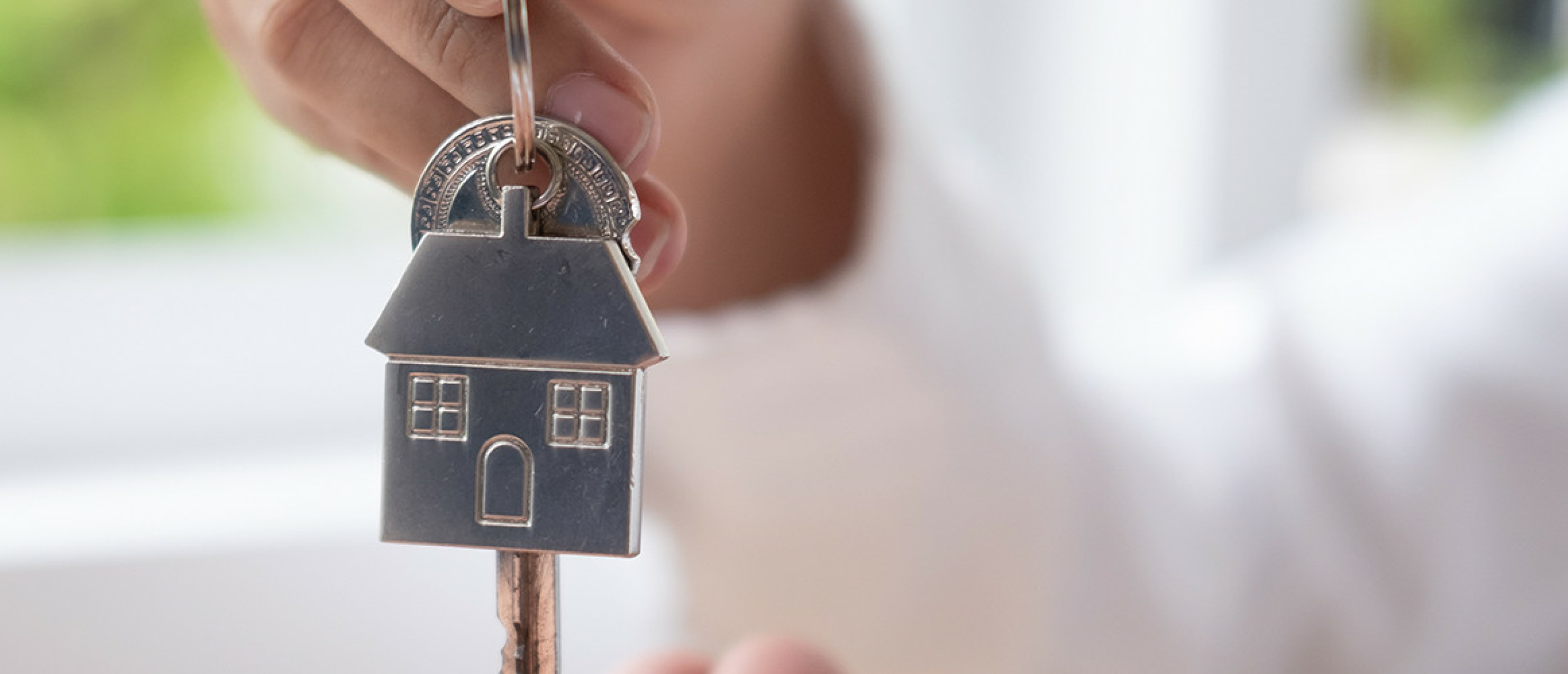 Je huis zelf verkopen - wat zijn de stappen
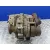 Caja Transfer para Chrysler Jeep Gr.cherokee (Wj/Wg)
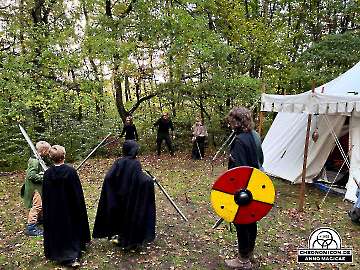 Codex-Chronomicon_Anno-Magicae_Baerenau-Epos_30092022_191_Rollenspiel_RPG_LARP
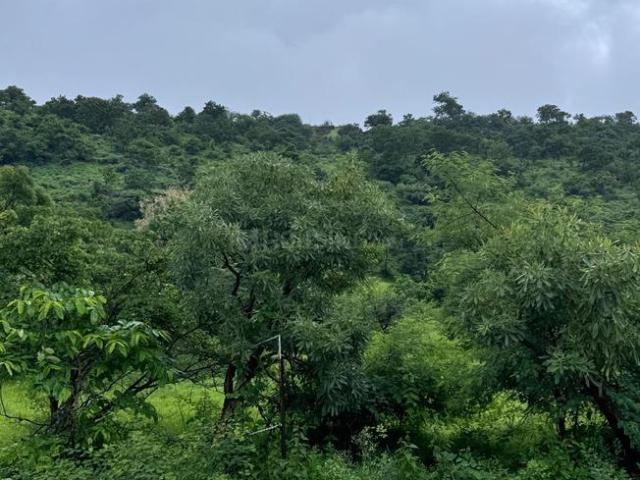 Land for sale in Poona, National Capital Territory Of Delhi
────
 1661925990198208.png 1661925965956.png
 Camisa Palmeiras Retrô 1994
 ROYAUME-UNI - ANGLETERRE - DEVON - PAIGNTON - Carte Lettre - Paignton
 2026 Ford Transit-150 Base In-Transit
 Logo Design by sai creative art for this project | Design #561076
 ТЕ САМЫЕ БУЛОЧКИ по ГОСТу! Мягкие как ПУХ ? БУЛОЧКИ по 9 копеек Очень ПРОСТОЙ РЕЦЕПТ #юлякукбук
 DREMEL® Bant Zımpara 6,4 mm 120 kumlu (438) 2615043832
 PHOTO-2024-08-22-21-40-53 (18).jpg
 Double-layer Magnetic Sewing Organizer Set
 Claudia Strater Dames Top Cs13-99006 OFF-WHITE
────
What needs to be done: The answer is the lines above from the one with "Je huis zelf verkopen - wat zijn de stappen" to the one with "Land for sale", set down exactly, with no pictures.

Task response:
 Je huis zelf verkopen - wat zijn de stappen
 Caja Transfer para Chrysler Jeep Gr.cherokee (Wj/Wg)
 Codex-Chronomicon_Anno-Magicae_Baerenau-Epos_30092022_191_Rollenspiel_RPG_LARP
 Land for sale in Poona, National Capital Territory Of Delhi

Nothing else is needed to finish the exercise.